● Listed records
----
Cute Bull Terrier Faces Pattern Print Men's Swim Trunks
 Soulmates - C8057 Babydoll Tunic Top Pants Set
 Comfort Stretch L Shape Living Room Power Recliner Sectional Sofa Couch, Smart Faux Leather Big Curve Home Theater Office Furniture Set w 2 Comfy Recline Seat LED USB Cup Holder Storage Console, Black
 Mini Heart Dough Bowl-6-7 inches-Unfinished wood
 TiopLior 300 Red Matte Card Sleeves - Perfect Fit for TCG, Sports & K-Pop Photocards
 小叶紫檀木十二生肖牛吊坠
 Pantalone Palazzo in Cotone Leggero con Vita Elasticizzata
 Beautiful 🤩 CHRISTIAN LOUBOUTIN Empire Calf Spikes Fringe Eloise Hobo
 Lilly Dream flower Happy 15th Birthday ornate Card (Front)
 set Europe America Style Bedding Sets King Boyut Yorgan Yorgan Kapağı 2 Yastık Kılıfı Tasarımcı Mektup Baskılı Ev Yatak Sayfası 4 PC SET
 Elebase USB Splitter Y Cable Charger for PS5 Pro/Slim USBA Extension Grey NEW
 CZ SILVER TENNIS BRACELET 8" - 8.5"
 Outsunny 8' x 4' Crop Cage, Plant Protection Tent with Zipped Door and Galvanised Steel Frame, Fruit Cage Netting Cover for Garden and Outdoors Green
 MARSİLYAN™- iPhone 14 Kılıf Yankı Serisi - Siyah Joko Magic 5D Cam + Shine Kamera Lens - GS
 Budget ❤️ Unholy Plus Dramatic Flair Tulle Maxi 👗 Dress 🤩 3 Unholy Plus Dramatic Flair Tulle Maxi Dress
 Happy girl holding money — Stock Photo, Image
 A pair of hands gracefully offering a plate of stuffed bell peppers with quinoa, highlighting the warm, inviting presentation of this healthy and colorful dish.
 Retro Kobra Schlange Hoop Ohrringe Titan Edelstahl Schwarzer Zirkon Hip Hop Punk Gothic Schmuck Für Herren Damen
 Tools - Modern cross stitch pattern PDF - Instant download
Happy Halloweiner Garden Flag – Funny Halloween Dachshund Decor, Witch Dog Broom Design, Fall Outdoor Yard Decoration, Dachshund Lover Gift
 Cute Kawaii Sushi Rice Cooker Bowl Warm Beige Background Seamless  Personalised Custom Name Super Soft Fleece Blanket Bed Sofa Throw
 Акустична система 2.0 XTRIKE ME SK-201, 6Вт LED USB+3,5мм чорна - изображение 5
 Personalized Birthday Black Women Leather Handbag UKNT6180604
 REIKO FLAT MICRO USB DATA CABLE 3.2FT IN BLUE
----
● What you have to do
Within the material above, extract exactly the lines that start at the line containing "小叶紫檀木十二生肖牛吊坠" and stop after the line containing "Happy girl holding", and only those.

● Task response
 小叶紫檀木十二生肖牛吊坠
 Pantalone Palazzo in Cotone Leggero con Vita Elasticizzata
 Beautiful 🤩 CHRISTIAN LOUBOUTIN Empire Calf Spikes Fringe Eloise Hobo
 Lilly Dream flower Happy 15th Birthday ornate Card (Front)
 set Europe America Style Bedding Sets King Boyut Yorgan Yorgan Kapağı 2 Yastık Kılıfı Tasarımcı Mektup Baskılı Ev Yatak Sayfası 4 PC SET
 Elebase USB Splitter Y Cable Charger for PS5 Pro/Slim USBA Extension Grey NEW
 CZ SILVER TENNIS BRACELET 8" - 8.5"
 Outsunny 8' x 4' Crop Cage, Plant Protection Tent with Zipped Door and Galvanised Steel Frame, Fruit Cage Netting Cover for Garden and Outdoors Green
 MARSİLYAN™- iPhone 14 Kılıf Yankı Serisi - Siyah Joko Magic 5D Cam + Shine Kamera Lens - GS
 Budget ❤️ Unholy Plus Dramatic Flair Tulle Maxi 👗 Dress 🤩 3 Unholy Plus Dramatic Flair Tulle Maxi Dress
 Happy girl holding money — Stock Photo, Image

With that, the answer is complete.